Implementing AI? You’d Better Think About Security First

Though it’s been around for decades, artificial intelligence (AI) has made itself known in today’s digital space. From marketing programs to laboratories, AI has made an impact in every industry. Whiles this technology could help your business run smoother, there is so much to learn and prepare for before even thinking of implementation. Machine learning (ML), the most common form of AI, is the process of training a machine to make future predictions based on historical data. What makes AI and ML so unique is the adaptability and learning. However, Machine learning doesn’t learn like a human. Stephanie Domas, Forbes Technology council member and Chief Security Technology Strategist at Intel, differentiates machine learning and human learning like this: We’re taught to identify holistically and with supporting context: A stop sign is red, hexagonal and has white letters on it. In contrast, AI is simply given large sets of labeled training data and told to figure out on its own how to differentiate; we don’t tell it how to learn. For the stop sign, the AI learned that black and white in certain areas meant different signs. The black and white perturbations on the stop sign lined up with patterns of black and white blocks on a “Speed Limit 45” sign. Thus, the AI learns that this is a speed limit sign. This technological advancement learns in a more complex process. There is so much to consider with the data input and analysis when it comes to machine learning and artificial intelligence. Domas shares an article in Forbes that emphasizes the security risks and know-hows when implementing an AI. She notes the importance of understanding the potential cybersecurity risks of AI so you can responsibly approach the adoption of AI.
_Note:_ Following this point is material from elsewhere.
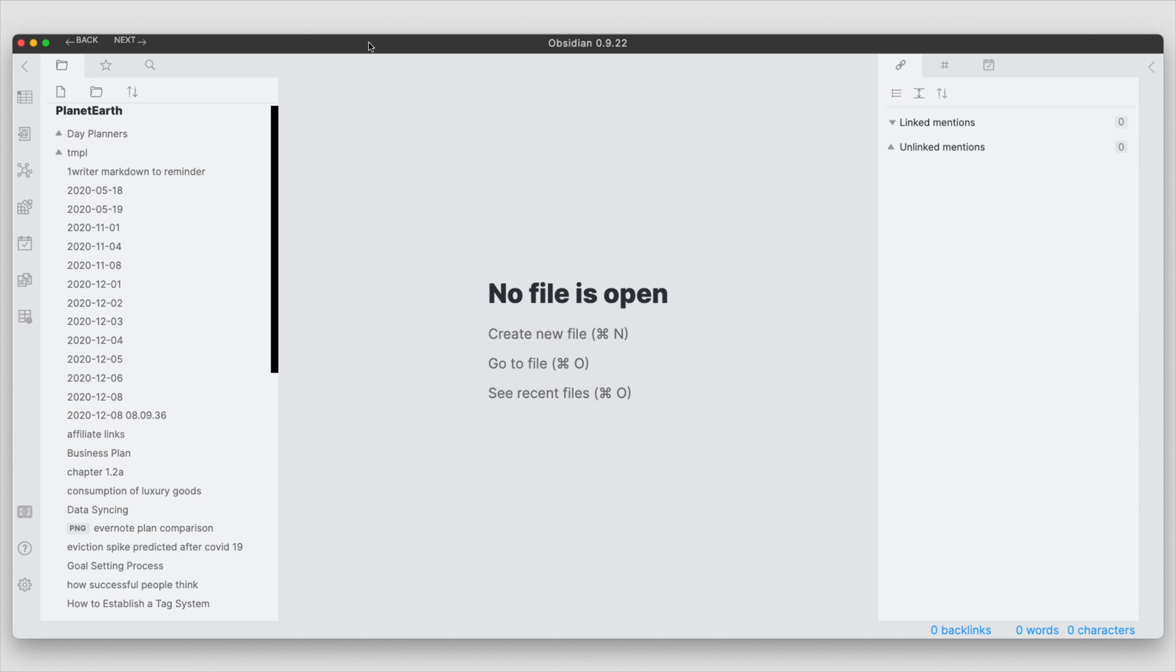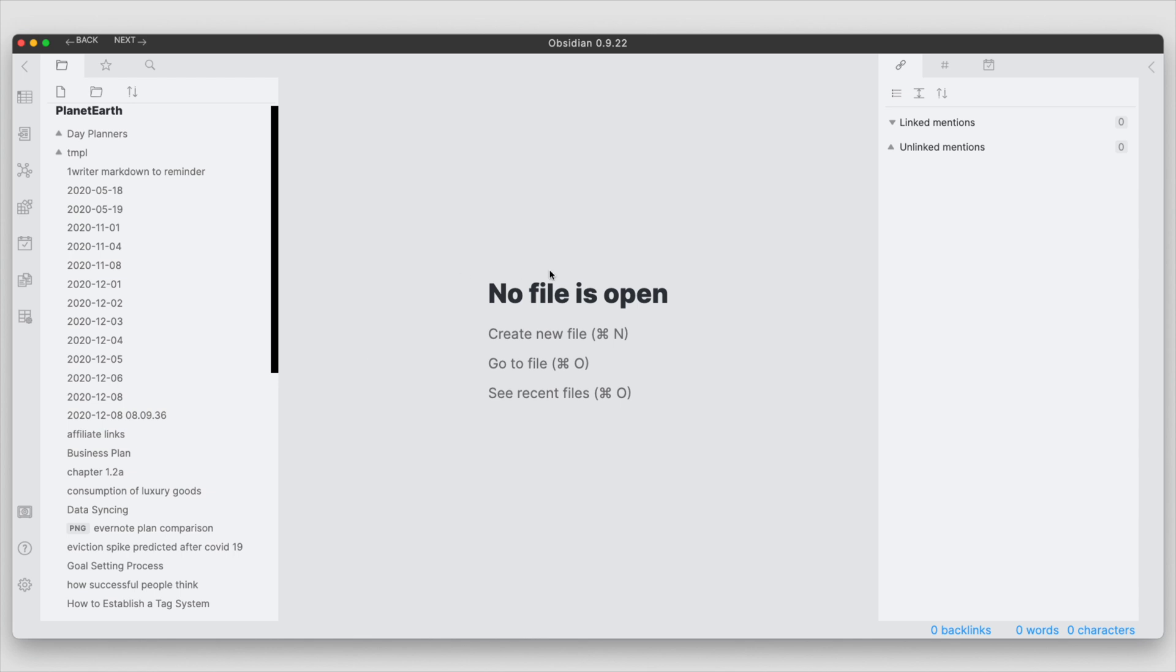Now, workspaces is a way to save the state of your panels and the layout within Obsidian. If you have not dealt with workspaces here, you may find yourself working in this simplistic way where you have your left-hand pane with the file explorer, then on the right you have your backlinks, and then in this center area here you create your new notes and work on your notes in this way.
  • Keep humans in the loop. “AI should augment human intelligence, not replace it. Human judgment is needed to ensure proper training, detect anomalies and make course corrections if something is wrong with the model.”
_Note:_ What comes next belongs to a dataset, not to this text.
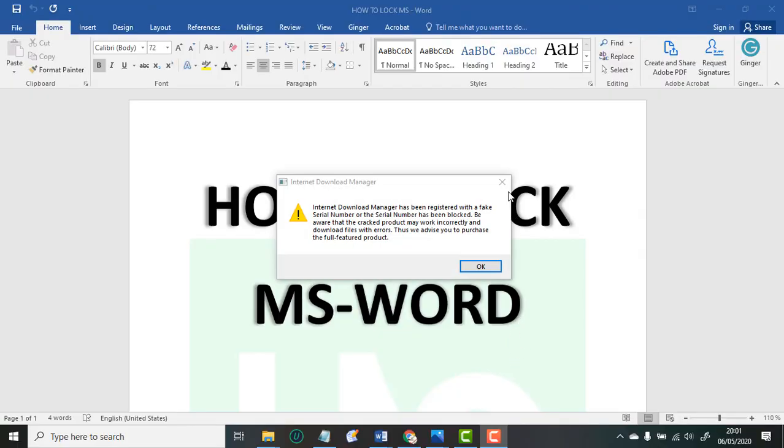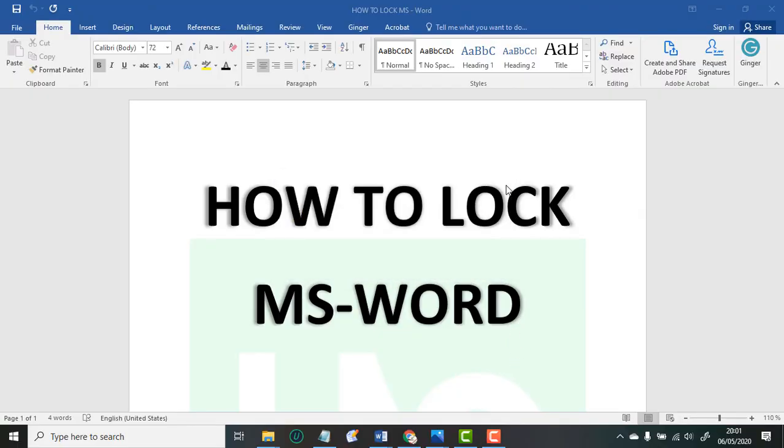Alright, hello guys. Welcome to this video. I'll be showing you how to lock a Word file or Word document, or any project that you complete for a client. Some clients are very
  • Understand the risks. “What happens if the AI is wrong—is it a funny story, or could people potentially be harmed? The risks involved with implementing AI ultimately depend on what the AI is meant to do and what kinds of data and systems it has access to.”
  • Plan for model testing and maintenance. “Just like other forms of software, AI algorithms need to be updated and patched. Algorithms should be continually tested and updated whenever new threats are detected or the model is not performing as expected.”
  • Ask the right questions. “If you are buying an off-the-shelf AI, make sure you keep cybersecurity in mind and ask the right questions when purchasing. How was the model trained? What is it meant to do? How was it tested? What is the company’s plan for ongoing testing and maintenance?”

There is a learning curve for both you and your AI. So before you use AI to solve your business problems, Domas reminds us to be deliberate, be intentional and be responsible.